Olivier (29-05-2012 19:45:05)

Excellent article. Une sal.....e de plus des Anglais!On parle beaucoup de la brutalite et de la cruaute germanique, mais les Anglais n'ont rien a dire sur ce sujet, ils sont pire.

Jean Pierre (29-05-2012 19:44:32)

Comme citoyen canadien je me sens concerné par cette guerre. La Grande-Bretagne, a, à cette occasion, sollicité l'aide militaire du Canada et d'autres membres du Commonwealth.

En fait, cette guerre a constitué le premier conflit outre-mer auquel le nouveau Dominion du Canada a été appelé à participer. Elle a provoqué des sentiments partagés au sein de la population - les anglos favorisaient la loyauté envers l'Empire britannique mais d'autres comme les francos et les irlandais avaient le sentiment que la sécurité du Canada n'était pas directement menacée et que le fait de dépêcher des troupes pouvait créer un climat néfaste aux ambitions nationalistes des francophones et des catholiques irlandais.
Les troupes canadiennes ont participé et contribué à la victoire britannique ainsi qu'aux activités d'après-guerre. Parmi les 7000 à 8000 hommes et les 16 infirmières qui ont servi, on a enregistré entre 200 et 300 pertes de vie.
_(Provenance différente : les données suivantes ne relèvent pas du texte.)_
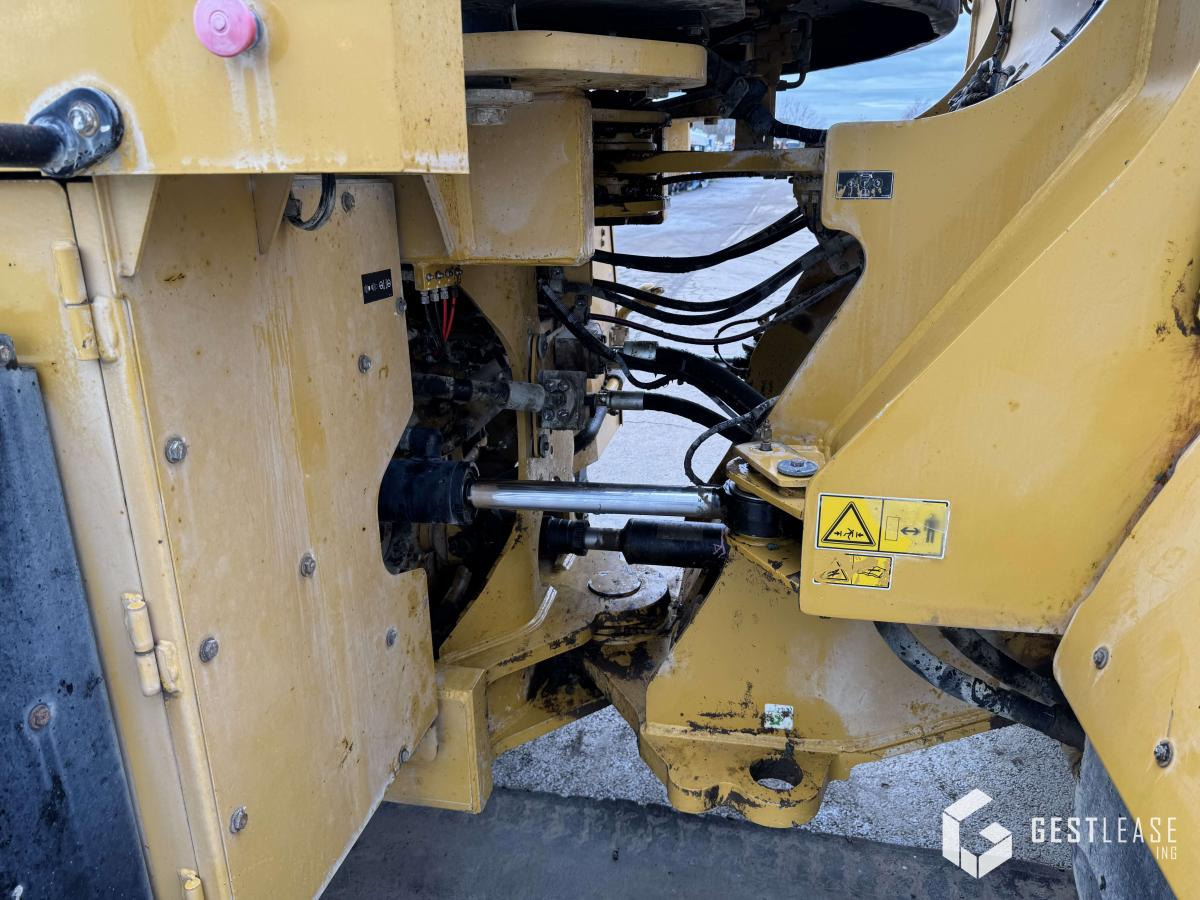 Chargeuse sur pneus Caterpillar 966M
Sur le plan national, cette guerre a été considérée comme un événement de première importance. la guerre en Afrique du Sud fût un événement marquant de l'histoire du Canada en ayant eu des répercussions sur le front intérieur, du pays.
L'un des résultats directs de la participation canadienne à cette guerre ayant été d'aiguiser le sentiment d'indépendance du pays au sein de l'Empire britannique et de favoriser la mise en place de forces armées mieux organisées.

La fibre patriotique des Canadiens a commencé à vibrer dans tous les cœurs. Au-delà de toutes les autres. L'une des conséquences de ce conflit, fût de s'identifier comme un pays souverain devant décider par lui même.